Tuesday, August 31, 2010

Letter to WSJ on Social INSecurity...

...sent to 63 recips

Chicago Tuesday 31 August 2010

Editors, the Wall Street Journal

Gentlepeople:

The Wall Street Journal article ("Social Security Cuts Weighed by Panel”, Friday 20 August) drew a fine set of letters on Thursday 28 August, one lamenting “What has been lacking for well over a half century is a clear statement defining what Social Security is intended to be.”

The United States Supreme Court appeared to have read the legislation thoroly for their 1961 Fleming v Nestor decision, susinctly determining that “The noncontractual interest of an employee covered by the [Social Security] Act cannot be soundly analogized to that of the holder of an annuity, whose right to benefits are based on his contractual premium payments. To engraft upon the Social Security System a concept of 'accrued property rights' would deprive it of the flexibility and boldness in adjustment to ever-changing conditions which it demands and which Congress probably had in mind when it expressly reserved the right to alter, amend or repeal any provision of the Act.”

Social Security first and finally has never been anything but a tax on enployers.
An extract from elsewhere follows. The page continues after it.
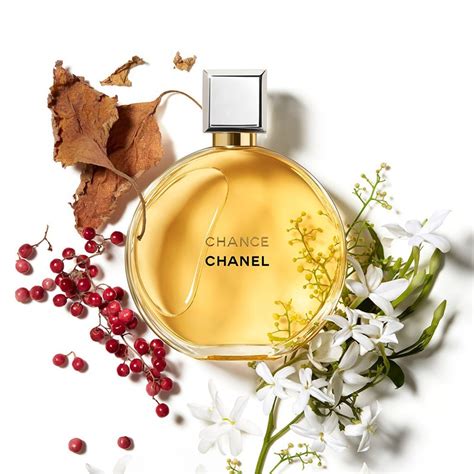 chanel perfume scent descriptions|chanel perfume direct.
Employers are required to tell the employee in writing with every paycheck that they are paying half of it, but the entire check going to the US general fund is written on an employer back account, never a wage earner's.

Because it is required from every employer, no employer hs any competitive incentive to not pass the complete tax on to their customers in higher prices, resulting in Social Security being nothing but a silent, painless national sales tax.
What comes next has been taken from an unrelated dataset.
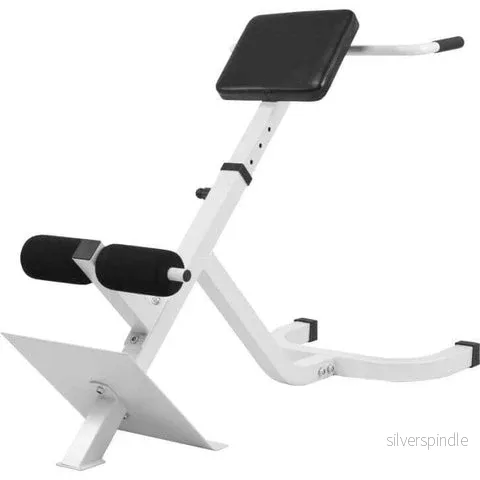 Rygg- och magtränare hyperextensionbänk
The evil George W Bush realized what a terrible scam we are passing on to our successors, and the only way to kill it is at its source: the tax on employers.

There's no need to stop a single payment to the 40 million citizens now receiving SocSec payments. That $615 billion annual cost will disappear painlessly in 40 years. The people who have allegedly already paid into the system can be told to give it up for our children, and be glad they are not Chrysler bond holders.